» The data

_ _ _

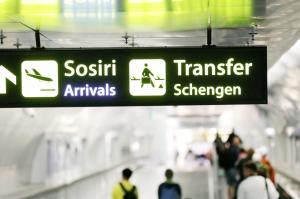 Ministrul Economiei: Aderarea României la Schengen înseamnă o creştere a numărului de turişti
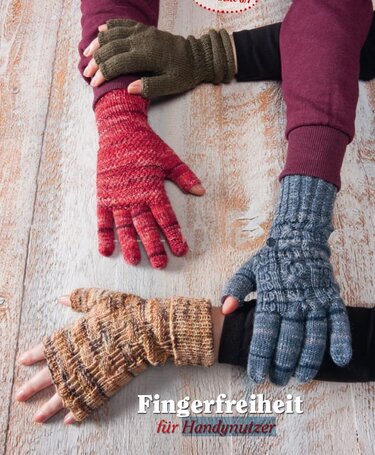 Vier Hände mit gestrickten Handschuhen und Armstulpen in Rot, Blau, Braun und Grün; Schriftzug 'Fingerfreiheit für Handynutzer' sichtbar
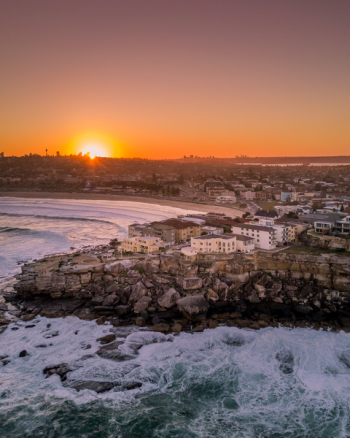 Bird's-eye View of Ocean Waves Bird's-eye View of Ocean Waves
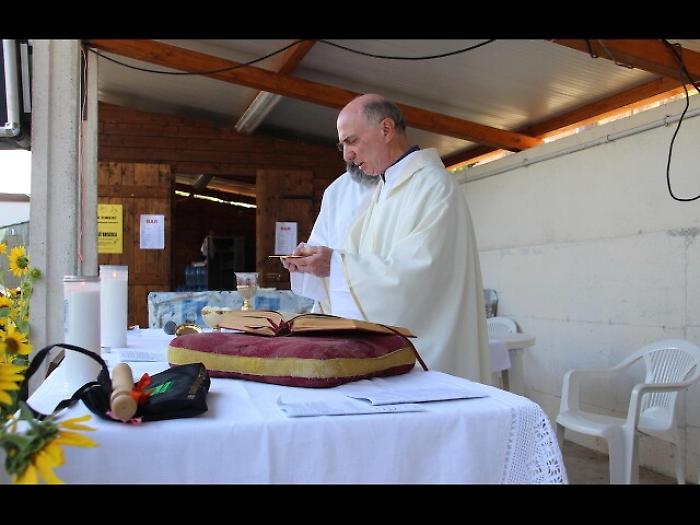 Prete umbro benedice le casalinghe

_ _ _

» What the task requires
Your answer must reproduce exactly the lines from the line with "Vier Hände mit" through the end of the material, both ends included, with every picture dropped.

» Answer for this exercise
 Vier Hände mit gestrickten Handschuhen und Armstulpen in Rot, Blau, Braun und Grün; Schriftzug 'Fingerfreiheit für Handynutzer' sichtbar
 Bird's-eye View of Ocean Waves Bird's-eye View of Ocean Waves
 Prete umbro benedice le casalinghe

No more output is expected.